Каких-то увлечений, которые разбивали бы цель­ность его натуры, у него не было. Все было ясно и понятно, и личные трудности, включая его личные страсти, тоже были включены в его образ. Конечно, он проделал над со­бой некую работу, прошел путь, потому что та форма, в ко­торую он облекал свое семинарское житье, для нормаль­ной жизни была нереальна. У него под кителем был мешок, а в мешке лежало Евангелие. Я спрашиваю его: «Зачем ты всюду носишь Евангелие, ведь ты не едешь никуда, ты в семинарии, положи на тумбочку в спальне», а он: «Нет! Евангелие должно быть всегда на груди».

У него были действительно огромные знания, и от­куда — понять было нельзя, потому что тогда литературы почти не было, только начали делать репринты. Любовь его к каноническим правилам не была сухой и схоластич­ной, он искренне спрашивал: «Как же вы не понимаете?» Он сам зажигался, он сам не был заштампован.

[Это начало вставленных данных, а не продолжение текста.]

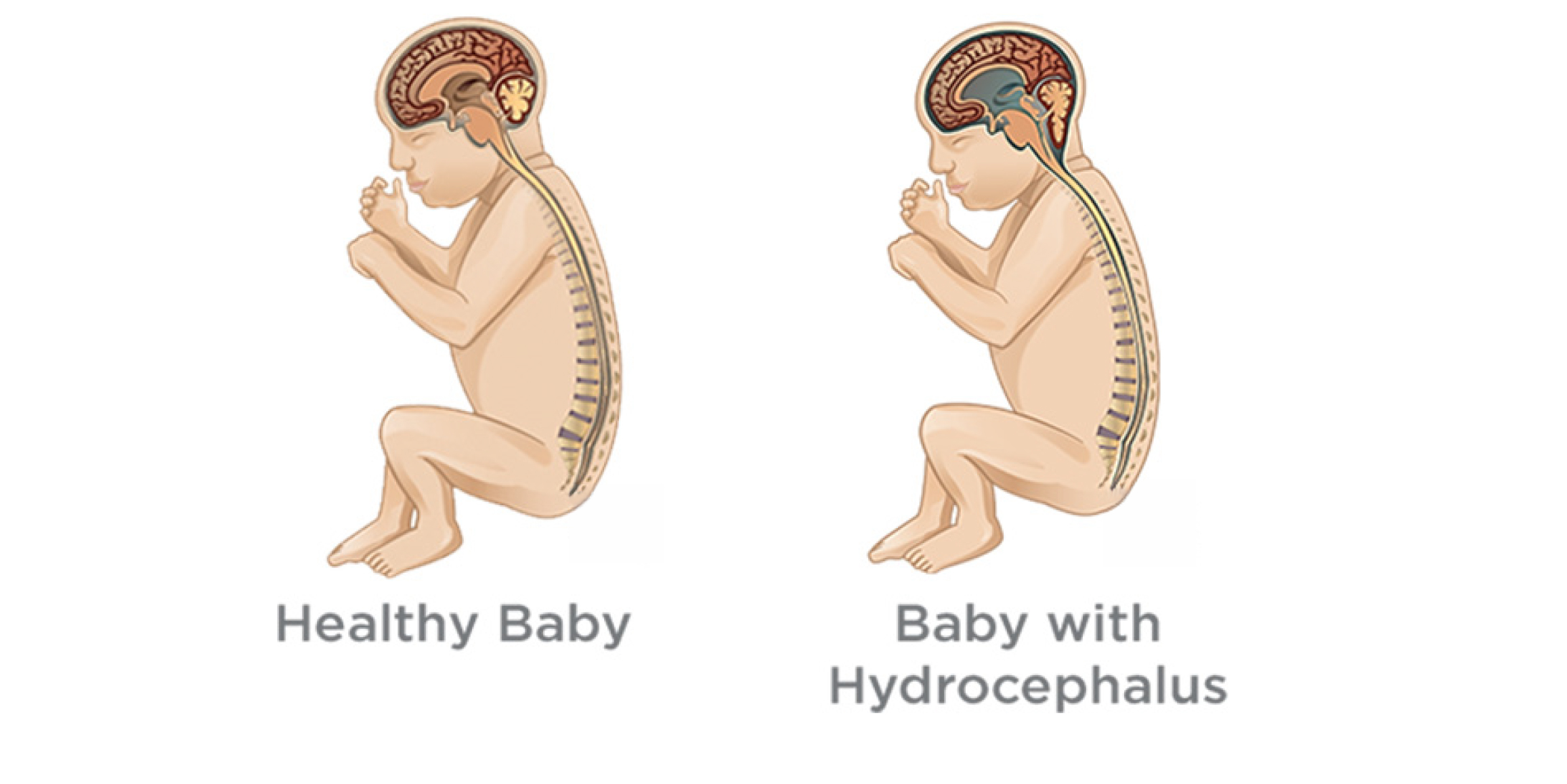 water on brain shows extra fluid around the brain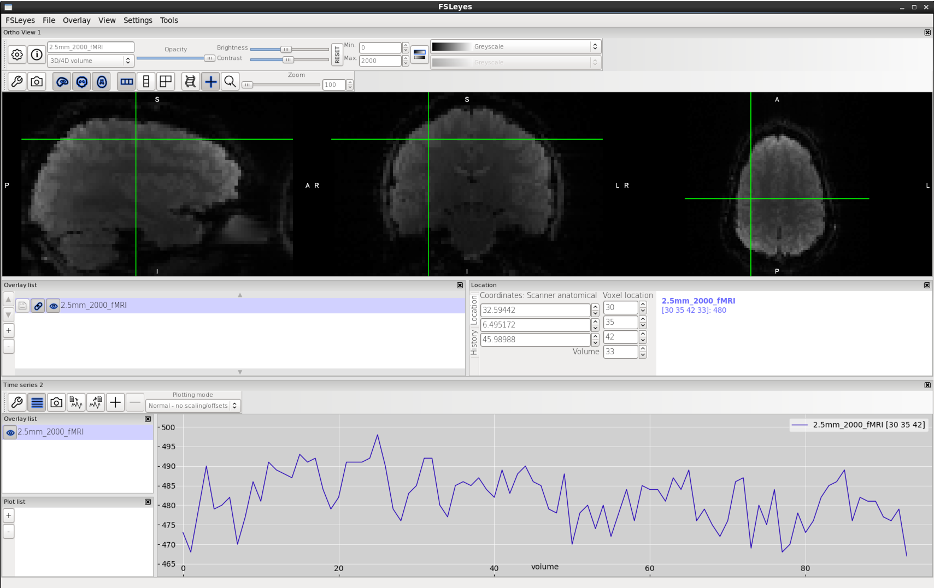 FSLeyes timeseries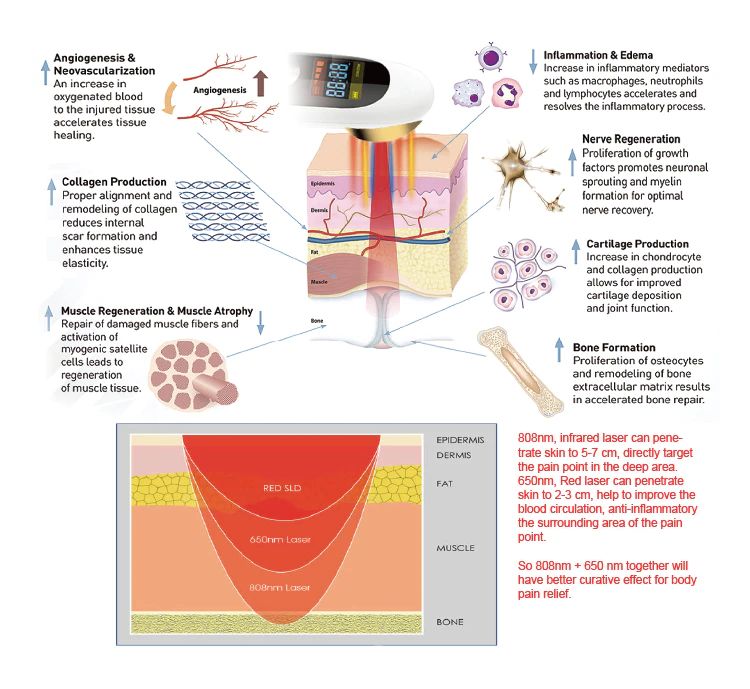 彩色疼痛仪(红黄蓝)_08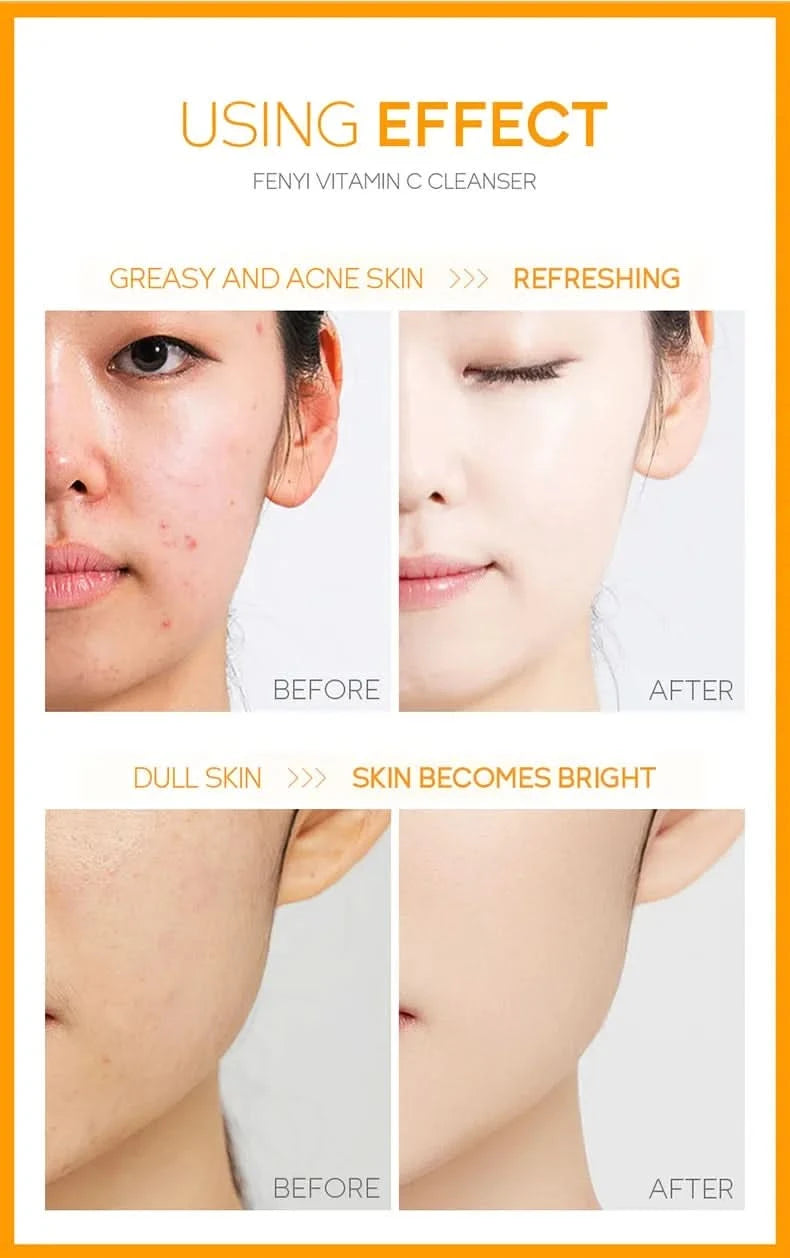 Vitamin C Facial Cleanser Skin Cleansing Moisturizing  Blackhead Remove Skincare Face Wash Foam Face Cleanser 50g - M & M Global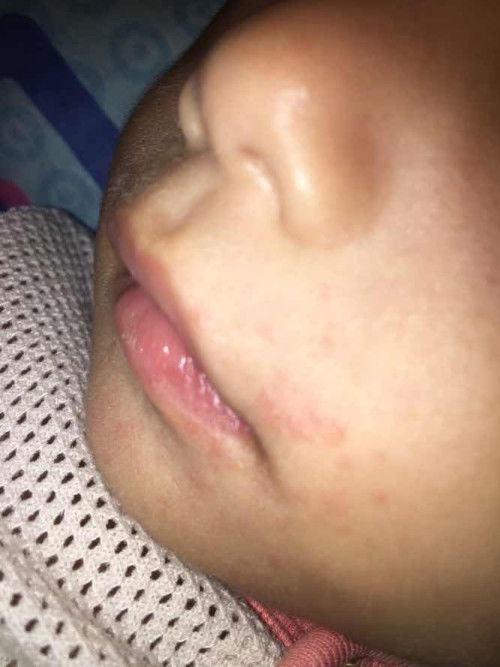 ruam dekat area mulut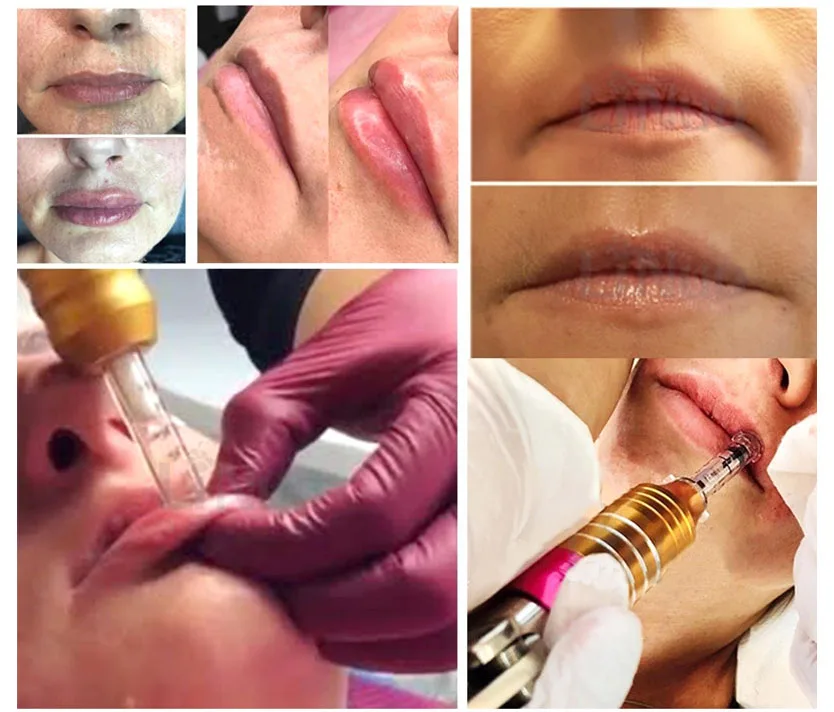 Skinject Hyaluronic Acid 0.5ml Ampoule For Mesotherapy Gun.jpg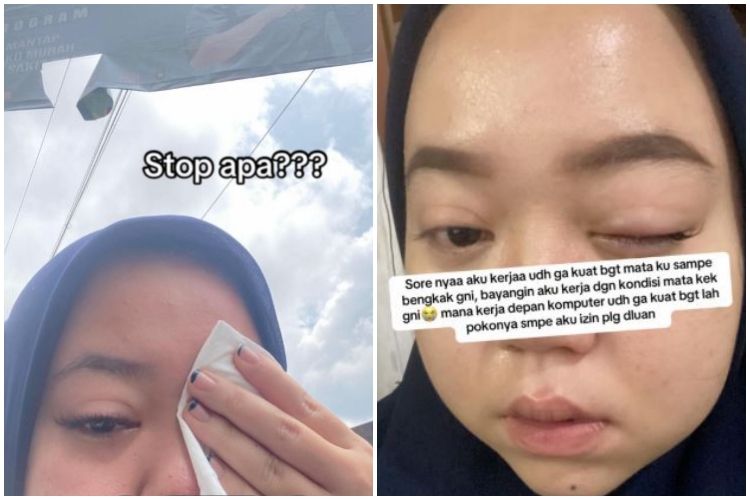 Wanita ini pasang eyelash extension sendiri malah bikin kornea mata luka, ternyata ini penyebabnya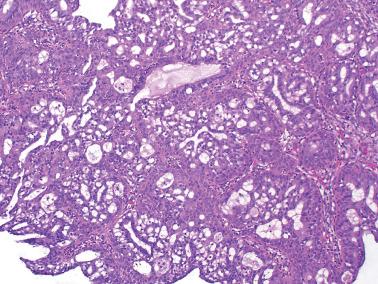 Fig. 4.35, Microglandular hyperplasia. Typical variably sized glands with inspissated mucin containing inflammatory cells. Abundant subnuclear vacuoles are conspicuous.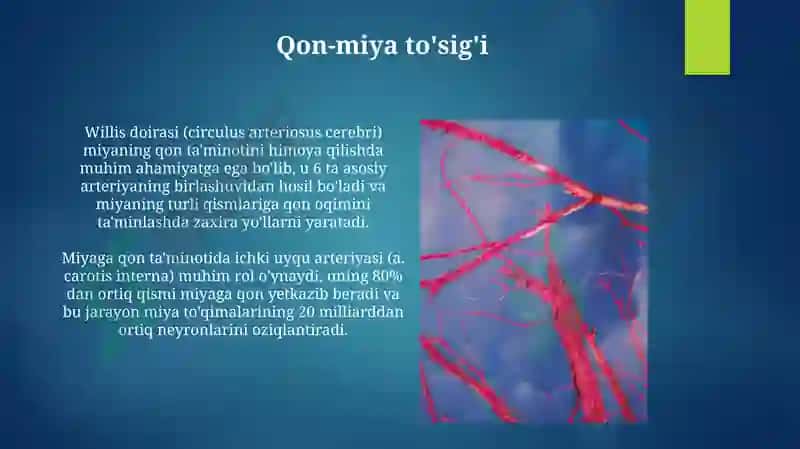 MRT angiografiyasi 8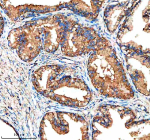 Immunohistochemical staining of NUDT8 using anti-NUDT8 antibody. NUDT8 was detected in a paraffin-embedded section of human prostatic hyperplasia tissue. Heat mediated antigen retrieval was performed in EDTA buffer (pH 8.0, epitope retrieval solution). The tissue section was blocked with 10% goat serum. The tissue section was then incubated with 2 ug/ml rabbit anti-NUDT8 antibody overnight at 4oC. Peroxidase Conjugated Goat Anti-rabbit IgG was used as secondary antibody and incubated for 30 minutes at 37oC. The tissue section was developed using an HRP secondary and DAB substrate.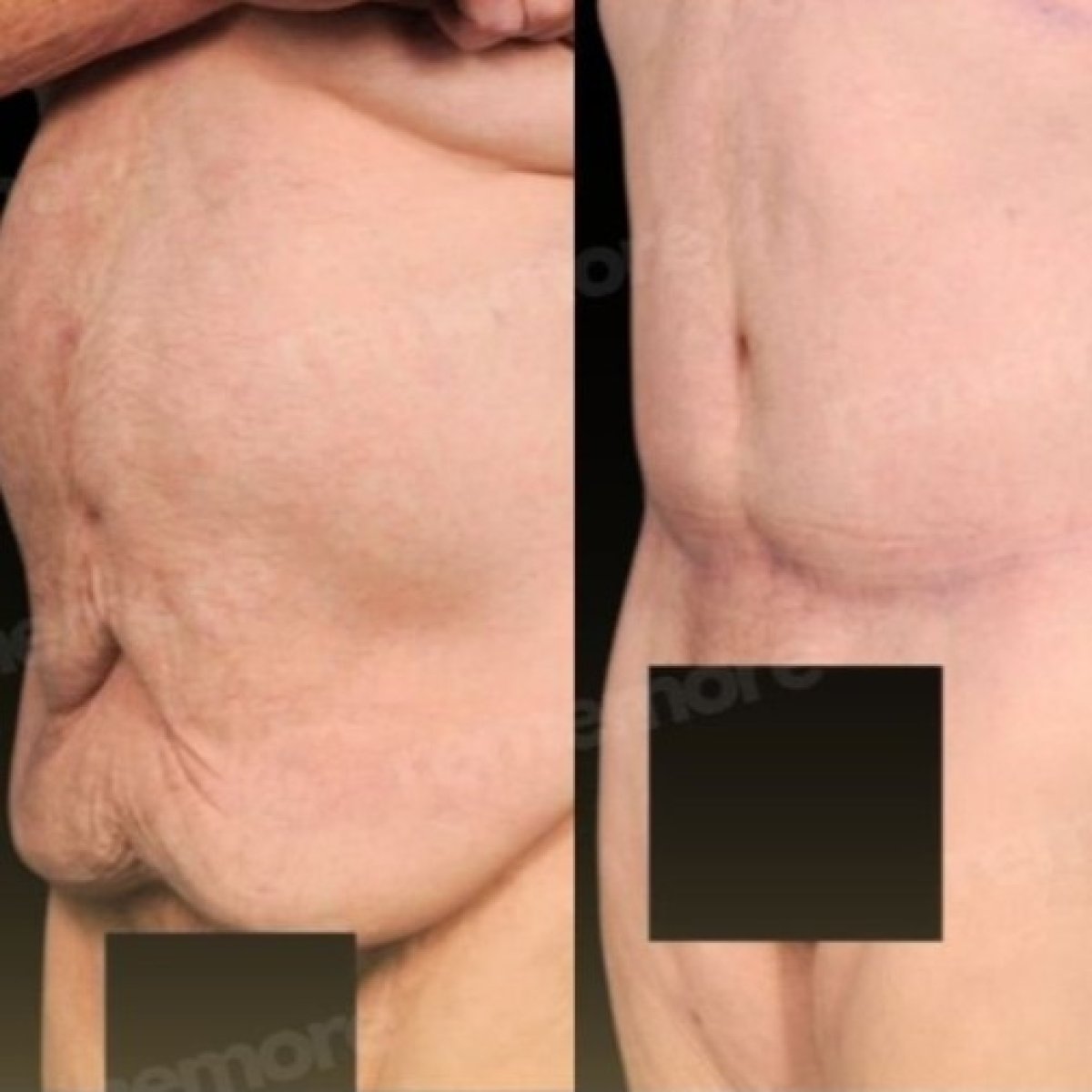 Resultados antes y después de lifting corporal inferior en Memorial Bahçelievler Hospital, mejor contorno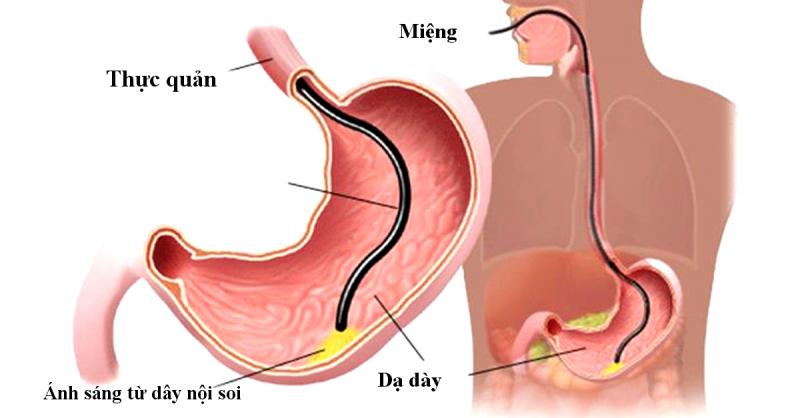 Nội soi nhiều lần có ảnh hưởng dạ dày không?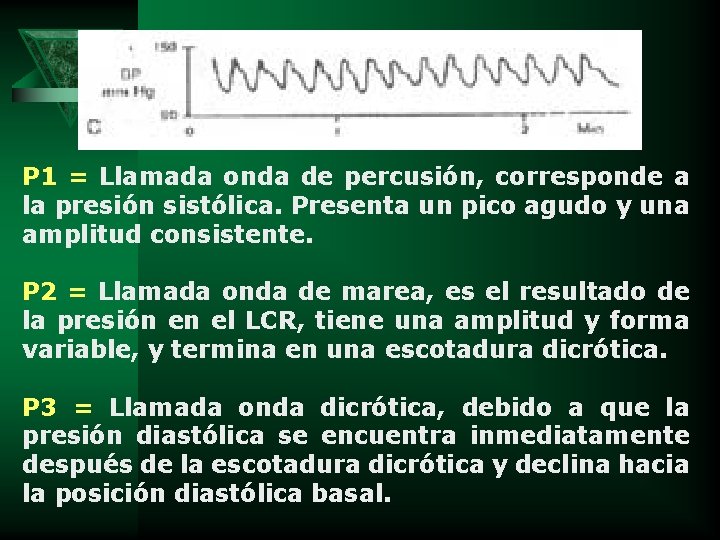 P 1 = Llamada onda de percusión, corresponde a la presión sistólica. Presenta un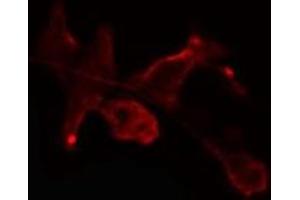 ABIN6275464 staining Hela cells by IF/ICC. (RAB2B antibody  (Internal Region))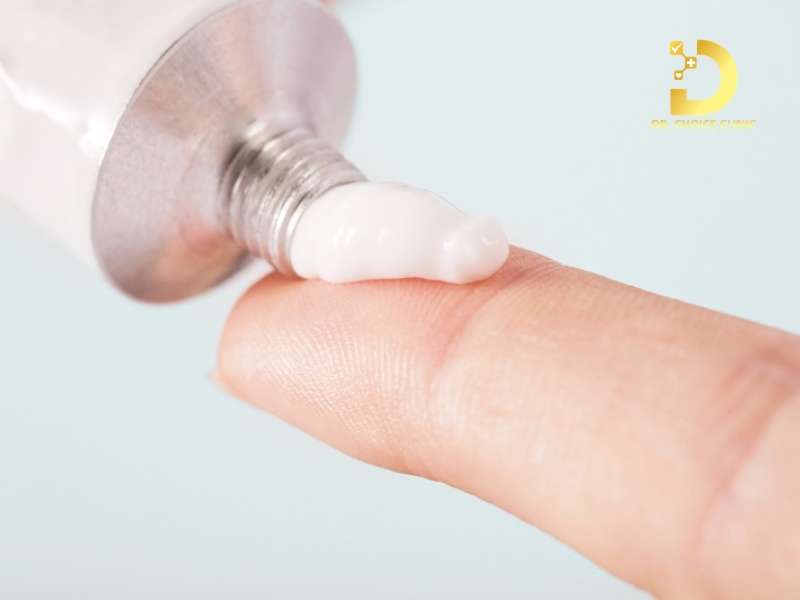 Sử dụng kem bôi hoặc thuốc đặc trị để ức chế sắc tố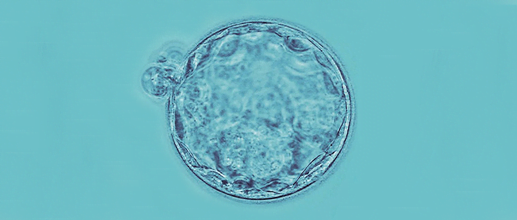 Day 5-6 of embryo culture
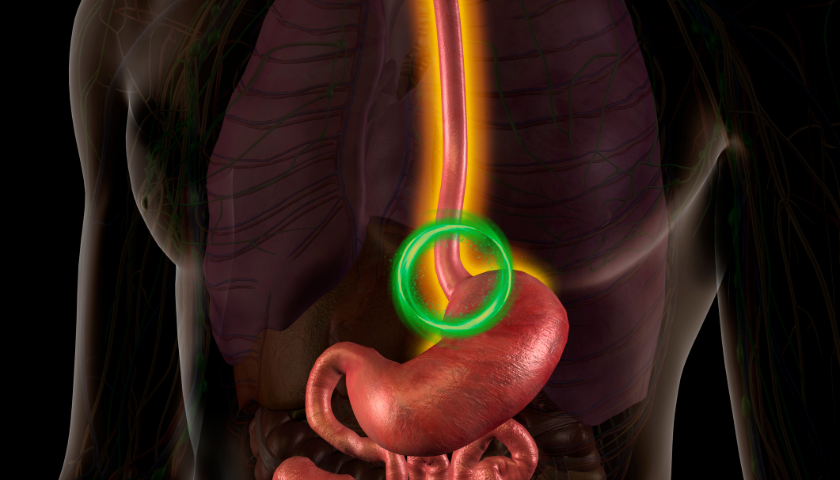 Weak Esophageal Valve - Image Showing Sphincter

Я не могу точно сказать, как он учился — хорошо или плохо. Любознательных студентов преподаватели любят, но он был не просто любознателен, он все время вступал в полемику. Лет за десять до того, как мы посту­пили, такого человека, как он, просто не приняли бы в се­минарию или выгнали сразу же: он вообще не вписывался никуда. В третьем классе мы начинаем говорить проповеди, за вечерней молитвой. Помню его первую проповедь: отец Даниил разгорячился чрезвычайно, конечно, говорил не по бумажке (хотя первоначально заставляли эту пропо­ведь писать и сдавать на проверку). А тема была «Симеон Новый Богослов», краткая выжимка из его освежающего для того времени взгляда, что Бог постижим в реальной жизни. И помню, как отец Даниил стоял на амвоне и кри­чал: «И поэтому не говори никто, что Бог непостижим в жизни, Он очень даже постижим!» Начальство его даже похвалило, хотя уже эта первая его проповедь не вписыва­лась в общую канву, даже по накалу интонации. Не церков­ная она была у него...

Я знаю, что старшее поколение верующих не понима­ло манеру поведения отца Даниила. На его отпевании мы с отцом Игорем Фоминым сказали друг другу, что многие считали его чудаком, а Бог принял его, и это для нас было откровением.